── Raw data

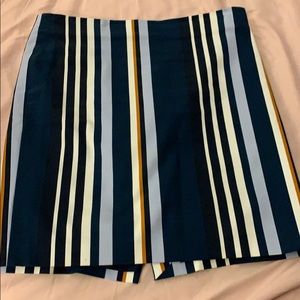 Ann Taylor pencil skirt. Size 16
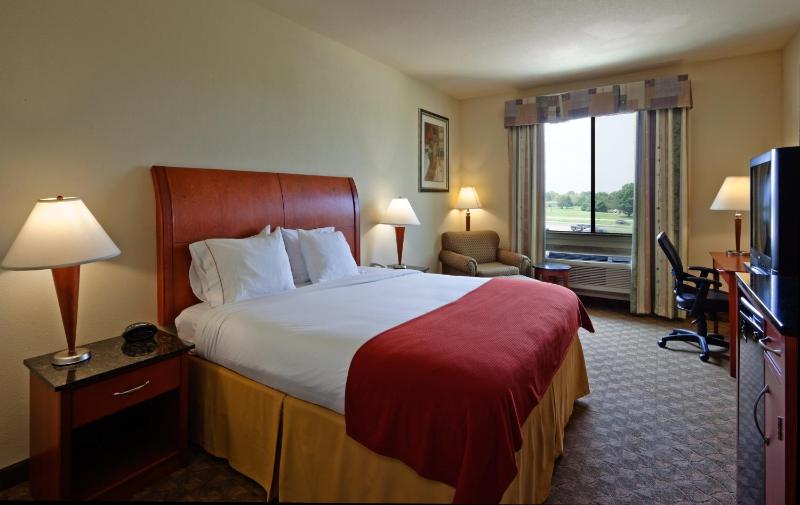 Standard Room image 2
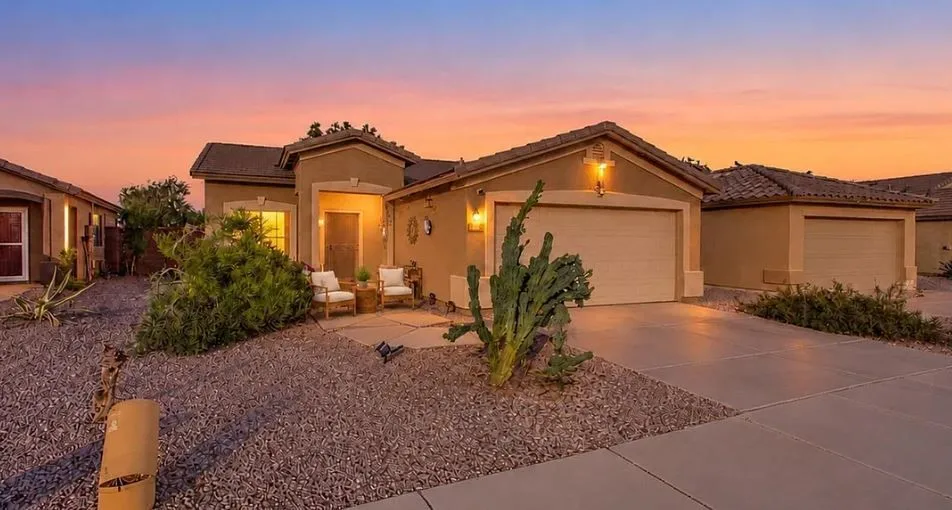 eb0fabaa-9540-db75-2b66-ff6740b055f0 — 30217 N Sunray Dr, San Tan Valley, AZ 85143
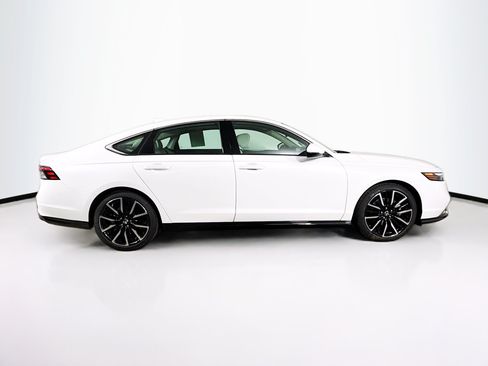 Used 2025 Honda Accord Touring image 2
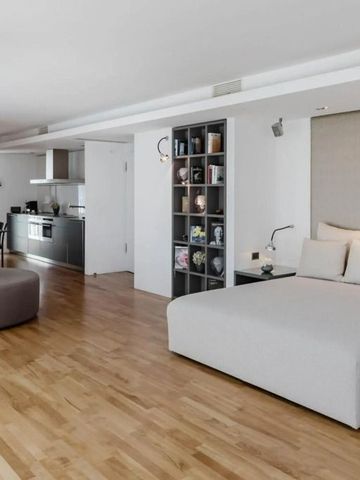 Moderne Suite mit Küchenecke und elegantem Holzfußboden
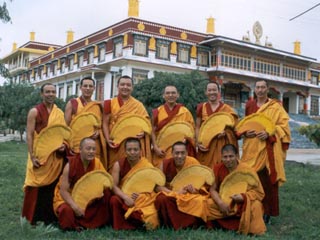 Группа монахов легендарного буддийского монастыря Гоманг, расположенного в Тибете, прибывает сегодня в Туву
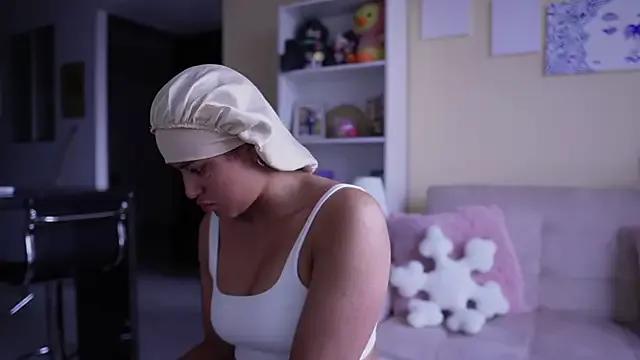 SaraParisi from StripChat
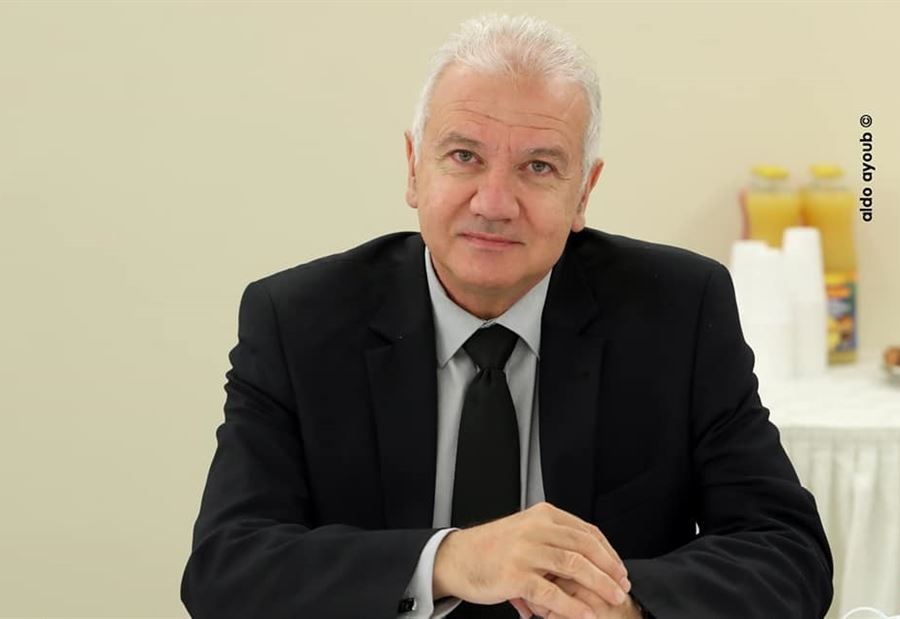 كرم يُغرّد عن "جريمة العصر" كرم يُغرّد عن "جريمة العصر"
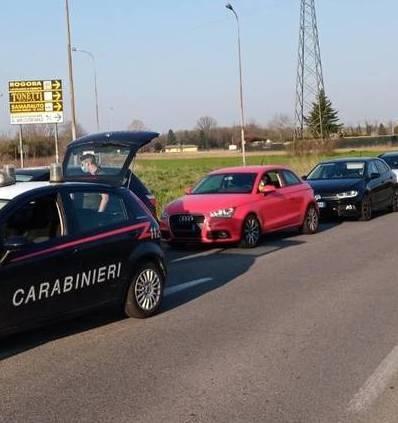 I carabinieri sequestrano sei auto parcheggiate senza assicurazione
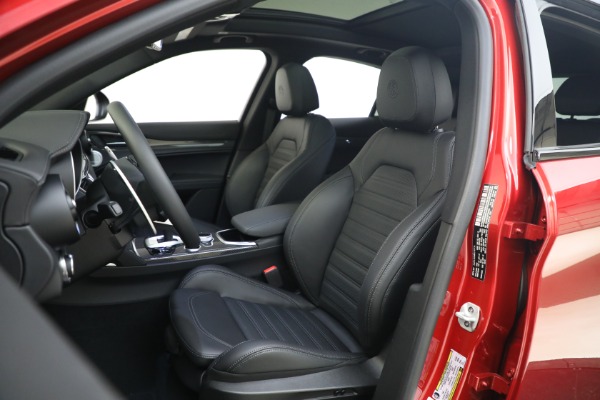 New 2023 Alfa Romeo Stelvio Quadrifoglio for sale $80,900 at Bugatti of Greenwich in Greenwich CT 06830 13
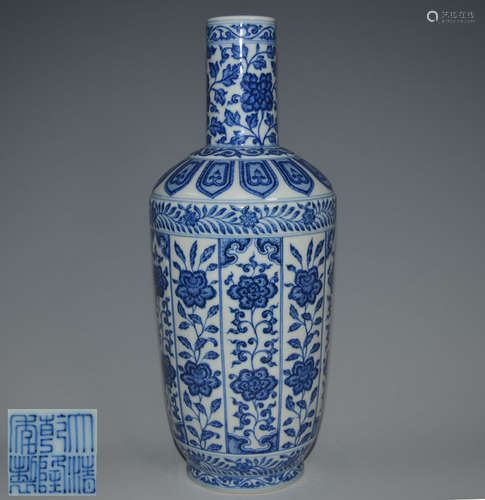 DAQING QIANLONG NIANZHI MARK BLUE&WHITE VASE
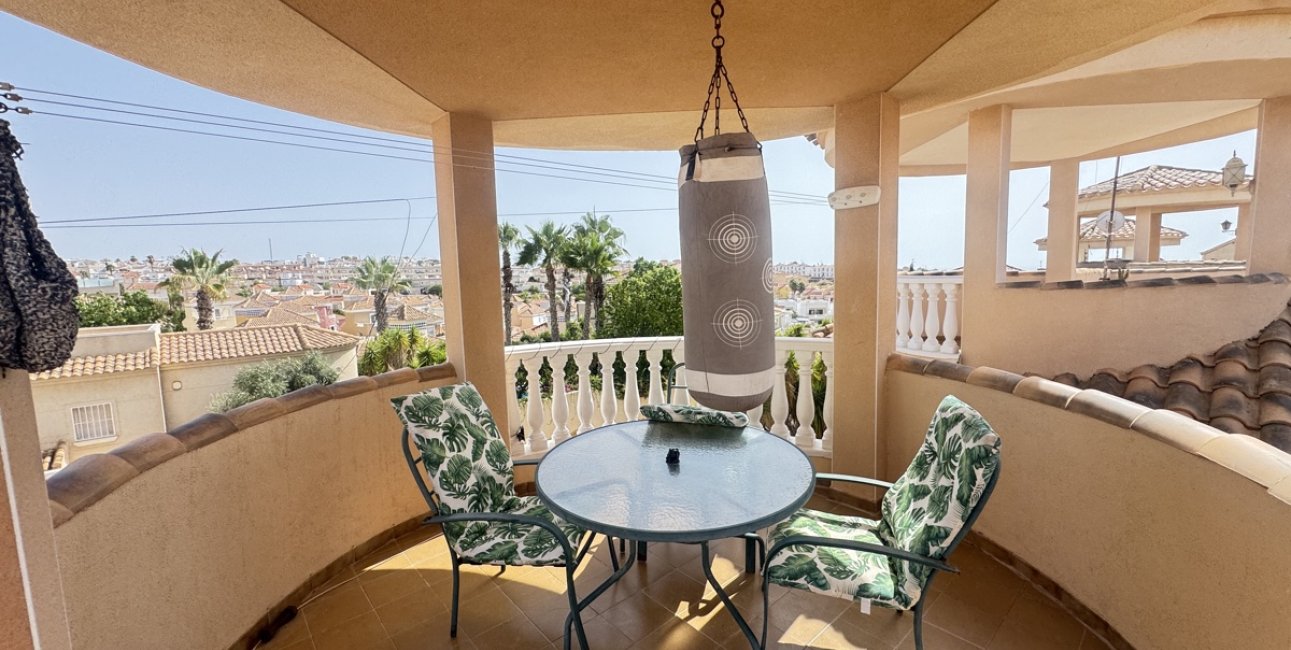 Resale - Villa -
Orihuela Costa - Villamartin
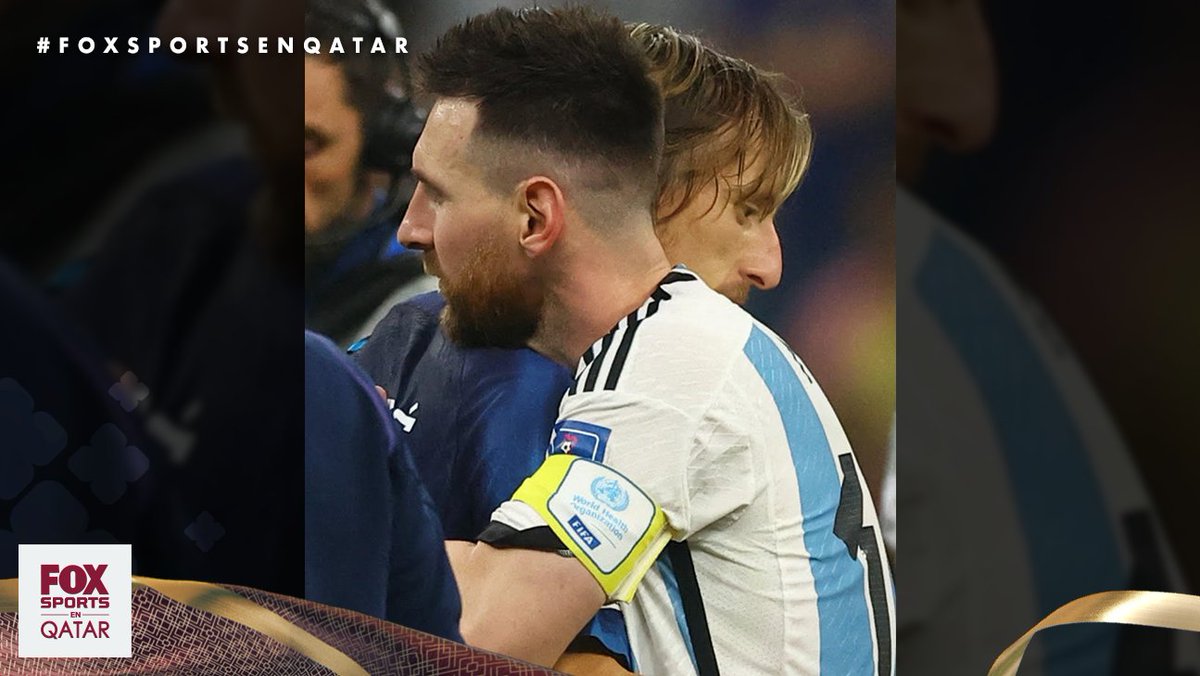 FOXSportsMX's tweet photo. ❤⚽ GRANDE ENTRE LOS GRANDES 

Messi y Luka Modric encontrándose al término del partido 🥹

🏆 LA POSTAL DEL DÍA EN LA DESPEDIDA DE LUKA MODRIC DE COPAS DEL MUNDO

#FOXSportsEnQatar https://t.co/0grR7bXrOp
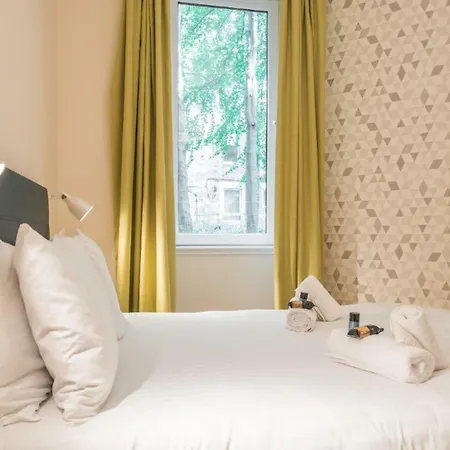 Cozy 1 Bed In W/free Parking! אדינבורו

────

Your job is to reproduce the material exactly. Keep pictures out of it.

 Ann Taylor pencil skirt. Size 16
 Standard Room image 2
 eb0fabaa-9540-db75-2b66-ff6740b055f0 — 30217 N Sunray Dr, San Tan Valley, AZ 85143
 Used 2025 Honda Accord Touring image 2
 Moderne Suite mit Küchenecke und elegantem Holzfußboden
 Группа монахов легендарного буддийского монастыря Гоманг, расположенного в Тибете, прибывает сегодня в Туву
 SaraParisi from StripChat
 كرم يُغرّد عن "جريمة العصر" كرم يُغرّد عن "جريمة العصر"
 I carabinieri sequestrano sei auto parcheggiate senza assicurazione
 New 2023 Alfa Romeo Stelvio Quadrifoglio for sale $80,900 at Bugatti of Greenwich in Greenwich CT 06830 13
 DAQING QIANLONG NIANZHI MARK BLUE&WHITE VASE
 Resale - Villa -
Orihuela Costa - Villamartin
 FOXSportsMX's tweet photo. ❤⚽ GRANDE ENTRE LOS GRANDES 

Messi y Luka Modric encontrándose al término del partido 🥹

🏆 LA POSTAL DEL DÍA EN LA DESPEDIDA DE LUKA MODRIC DE COPAS DEL MUNDO

#FOXSportsEnQatar https://t.co/0grR7bXrOp
 Cozy 1 Bed In W/free Parking! אדינבורו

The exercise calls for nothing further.